* WHAT IS EXPECTED *
Give back an exact copy of the lines below, from the first through the line with "Building Photo - 916 Pine St"; please stop there.

[Items listed in a dataset]

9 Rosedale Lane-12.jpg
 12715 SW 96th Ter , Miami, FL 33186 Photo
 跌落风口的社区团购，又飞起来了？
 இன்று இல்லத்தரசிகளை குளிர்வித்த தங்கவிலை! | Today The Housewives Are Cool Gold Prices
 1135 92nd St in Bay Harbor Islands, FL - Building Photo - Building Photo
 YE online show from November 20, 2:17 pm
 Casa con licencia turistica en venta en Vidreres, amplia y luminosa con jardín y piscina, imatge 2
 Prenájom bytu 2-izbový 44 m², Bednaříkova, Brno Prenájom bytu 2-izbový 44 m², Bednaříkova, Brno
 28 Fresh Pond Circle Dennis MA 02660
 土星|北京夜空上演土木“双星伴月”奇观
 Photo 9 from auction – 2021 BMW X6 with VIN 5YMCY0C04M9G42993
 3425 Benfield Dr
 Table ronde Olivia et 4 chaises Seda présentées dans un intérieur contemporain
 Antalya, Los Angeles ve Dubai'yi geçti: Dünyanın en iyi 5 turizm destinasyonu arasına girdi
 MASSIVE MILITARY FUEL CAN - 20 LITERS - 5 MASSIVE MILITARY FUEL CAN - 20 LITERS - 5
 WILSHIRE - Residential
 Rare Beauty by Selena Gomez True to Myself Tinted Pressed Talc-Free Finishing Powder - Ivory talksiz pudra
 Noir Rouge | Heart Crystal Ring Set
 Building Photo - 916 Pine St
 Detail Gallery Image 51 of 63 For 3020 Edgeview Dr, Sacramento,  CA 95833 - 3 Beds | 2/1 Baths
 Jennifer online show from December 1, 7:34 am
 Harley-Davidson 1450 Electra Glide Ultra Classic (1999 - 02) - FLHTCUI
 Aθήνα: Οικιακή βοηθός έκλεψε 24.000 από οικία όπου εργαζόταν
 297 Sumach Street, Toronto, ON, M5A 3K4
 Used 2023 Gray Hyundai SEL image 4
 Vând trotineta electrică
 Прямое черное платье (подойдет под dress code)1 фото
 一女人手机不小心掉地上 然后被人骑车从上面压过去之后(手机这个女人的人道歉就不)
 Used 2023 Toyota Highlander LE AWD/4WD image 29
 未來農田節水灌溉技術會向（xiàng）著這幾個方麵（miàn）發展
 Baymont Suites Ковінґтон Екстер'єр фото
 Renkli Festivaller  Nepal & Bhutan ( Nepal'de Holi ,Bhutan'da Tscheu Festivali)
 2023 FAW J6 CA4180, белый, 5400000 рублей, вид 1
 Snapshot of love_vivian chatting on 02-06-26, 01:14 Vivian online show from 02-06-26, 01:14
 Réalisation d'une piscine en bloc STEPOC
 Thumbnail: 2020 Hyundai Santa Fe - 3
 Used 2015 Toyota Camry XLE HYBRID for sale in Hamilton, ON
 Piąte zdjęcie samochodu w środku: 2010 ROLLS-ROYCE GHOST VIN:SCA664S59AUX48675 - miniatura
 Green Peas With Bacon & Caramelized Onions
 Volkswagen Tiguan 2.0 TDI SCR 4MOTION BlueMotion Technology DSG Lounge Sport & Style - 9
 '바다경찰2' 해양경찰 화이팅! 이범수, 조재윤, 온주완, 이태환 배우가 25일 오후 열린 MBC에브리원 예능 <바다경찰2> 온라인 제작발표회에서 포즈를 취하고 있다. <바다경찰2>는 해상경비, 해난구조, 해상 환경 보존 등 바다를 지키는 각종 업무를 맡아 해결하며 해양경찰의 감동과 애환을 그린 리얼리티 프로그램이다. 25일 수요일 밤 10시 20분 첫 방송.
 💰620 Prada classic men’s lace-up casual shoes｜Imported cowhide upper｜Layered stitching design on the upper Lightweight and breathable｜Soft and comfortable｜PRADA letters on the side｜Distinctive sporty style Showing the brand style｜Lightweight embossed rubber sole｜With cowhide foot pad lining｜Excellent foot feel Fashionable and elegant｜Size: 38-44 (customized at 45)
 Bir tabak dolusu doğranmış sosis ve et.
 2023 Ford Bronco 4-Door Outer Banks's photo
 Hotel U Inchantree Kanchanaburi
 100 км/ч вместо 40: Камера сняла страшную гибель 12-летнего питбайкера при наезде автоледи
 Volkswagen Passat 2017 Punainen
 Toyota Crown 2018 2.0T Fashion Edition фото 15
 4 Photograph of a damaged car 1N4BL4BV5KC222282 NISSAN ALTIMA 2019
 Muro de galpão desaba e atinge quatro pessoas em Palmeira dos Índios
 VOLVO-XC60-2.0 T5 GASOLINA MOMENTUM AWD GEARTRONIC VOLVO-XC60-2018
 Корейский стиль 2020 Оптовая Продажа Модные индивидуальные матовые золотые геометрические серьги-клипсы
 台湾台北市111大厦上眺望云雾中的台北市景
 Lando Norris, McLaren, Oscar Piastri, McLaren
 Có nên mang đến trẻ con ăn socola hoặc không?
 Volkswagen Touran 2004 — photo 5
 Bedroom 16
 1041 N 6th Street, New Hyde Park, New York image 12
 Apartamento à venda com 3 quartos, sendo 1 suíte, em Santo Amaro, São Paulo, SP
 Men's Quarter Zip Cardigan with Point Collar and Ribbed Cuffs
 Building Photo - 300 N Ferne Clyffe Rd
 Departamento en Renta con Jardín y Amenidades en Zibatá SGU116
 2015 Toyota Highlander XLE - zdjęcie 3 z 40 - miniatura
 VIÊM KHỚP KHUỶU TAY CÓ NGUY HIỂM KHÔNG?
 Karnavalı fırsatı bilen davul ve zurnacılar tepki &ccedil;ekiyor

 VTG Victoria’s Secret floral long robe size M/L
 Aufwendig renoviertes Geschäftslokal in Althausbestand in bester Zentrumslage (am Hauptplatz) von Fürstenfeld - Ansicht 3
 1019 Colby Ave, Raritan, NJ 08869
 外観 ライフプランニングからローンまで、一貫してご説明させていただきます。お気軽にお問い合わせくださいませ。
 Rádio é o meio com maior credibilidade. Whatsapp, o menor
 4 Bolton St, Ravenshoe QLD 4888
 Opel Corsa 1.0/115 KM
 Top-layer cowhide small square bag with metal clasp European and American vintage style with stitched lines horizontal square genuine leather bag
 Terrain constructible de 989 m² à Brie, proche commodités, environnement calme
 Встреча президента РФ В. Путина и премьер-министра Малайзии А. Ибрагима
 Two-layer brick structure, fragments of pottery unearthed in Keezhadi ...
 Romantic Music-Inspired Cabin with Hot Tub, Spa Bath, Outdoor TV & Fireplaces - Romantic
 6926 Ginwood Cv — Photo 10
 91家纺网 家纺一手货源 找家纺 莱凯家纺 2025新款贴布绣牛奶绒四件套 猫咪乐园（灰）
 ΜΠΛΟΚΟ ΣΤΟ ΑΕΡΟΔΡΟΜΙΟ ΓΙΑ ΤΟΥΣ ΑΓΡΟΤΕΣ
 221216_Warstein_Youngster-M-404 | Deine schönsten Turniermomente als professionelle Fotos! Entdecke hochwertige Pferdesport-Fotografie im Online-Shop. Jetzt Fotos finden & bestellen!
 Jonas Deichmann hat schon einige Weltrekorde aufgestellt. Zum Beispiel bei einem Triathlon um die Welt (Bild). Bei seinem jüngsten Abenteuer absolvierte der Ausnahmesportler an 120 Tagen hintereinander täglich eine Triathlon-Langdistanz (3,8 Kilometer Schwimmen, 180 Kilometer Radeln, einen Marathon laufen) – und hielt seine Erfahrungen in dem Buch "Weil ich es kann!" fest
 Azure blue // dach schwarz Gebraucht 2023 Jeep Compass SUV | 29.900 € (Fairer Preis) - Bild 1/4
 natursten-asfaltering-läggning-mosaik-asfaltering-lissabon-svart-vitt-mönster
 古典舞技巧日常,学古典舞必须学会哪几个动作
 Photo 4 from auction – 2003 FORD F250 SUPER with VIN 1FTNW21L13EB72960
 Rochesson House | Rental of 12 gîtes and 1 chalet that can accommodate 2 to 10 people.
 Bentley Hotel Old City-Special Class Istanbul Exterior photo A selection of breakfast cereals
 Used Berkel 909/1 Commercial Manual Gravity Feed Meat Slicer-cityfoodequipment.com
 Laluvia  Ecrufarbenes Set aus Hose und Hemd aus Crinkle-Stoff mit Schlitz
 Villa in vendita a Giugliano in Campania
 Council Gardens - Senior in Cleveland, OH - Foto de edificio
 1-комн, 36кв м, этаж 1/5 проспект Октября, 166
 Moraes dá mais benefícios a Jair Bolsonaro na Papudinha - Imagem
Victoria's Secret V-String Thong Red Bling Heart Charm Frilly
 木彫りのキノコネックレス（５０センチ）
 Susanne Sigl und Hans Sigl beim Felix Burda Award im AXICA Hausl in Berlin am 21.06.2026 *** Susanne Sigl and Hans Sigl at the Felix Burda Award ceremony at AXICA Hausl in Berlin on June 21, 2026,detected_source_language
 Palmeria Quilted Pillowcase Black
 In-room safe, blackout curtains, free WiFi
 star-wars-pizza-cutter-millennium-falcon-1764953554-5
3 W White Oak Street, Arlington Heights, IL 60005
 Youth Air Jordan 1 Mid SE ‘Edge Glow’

* OUTPUT BELOW *
9 Rosedale Lane-12.jpg
 12715 SW 96th Ter , Miami, FL 33186 Photo
 跌落风口的社区团购，又飞起来了？
 இன்று இல்லத்தரசிகளை குளிர்வித்த தங்கவிலை! | Today The Housewives Are Cool Gold Prices
 1135 92nd St in Bay Harbor Islands, FL - Building Photo - Building Photo
 YE online show from November 20, 2:17 pm
 Casa con licencia turistica en venta en Vidreres, amplia y luminosa con jardín y piscina, imatge 2
 Prenájom bytu 2-izbový 44 m², Bednaříkova, Brno Prenájom bytu 2-izbový 44 m², Bednaříkova, Brno
 28 Fresh Pond Circle Dennis MA 02660
 土星|北京夜空上演土木“双星伴月”奇观
 Photo 9 from auction – 2021 BMW X6 with VIN 5YMCY0C04M9G42993
 3425 Benfield Dr
 Table ronde Olivia et 4 chaises Seda présentées dans un intérieur contemporain
 Antalya, Los Angeles ve Dubai'yi geçti: Dünyanın en iyi 5 turizm destinasyonu arasına girdi
 MASSIVE MILITARY FUEL CAN - 20 LITERS - 5 MASSIVE MILITARY FUEL CAN - 20 LITERS - 5
 WILSHIRE - Residential
 Rare Beauty by Selena Gomez True to Myself Tinted Pressed Talc-Free Finishing Powder - Ivory talksiz pudra
 Noir Rouge | Heart Crystal Ring Set
 Building Photo - 916 Pine St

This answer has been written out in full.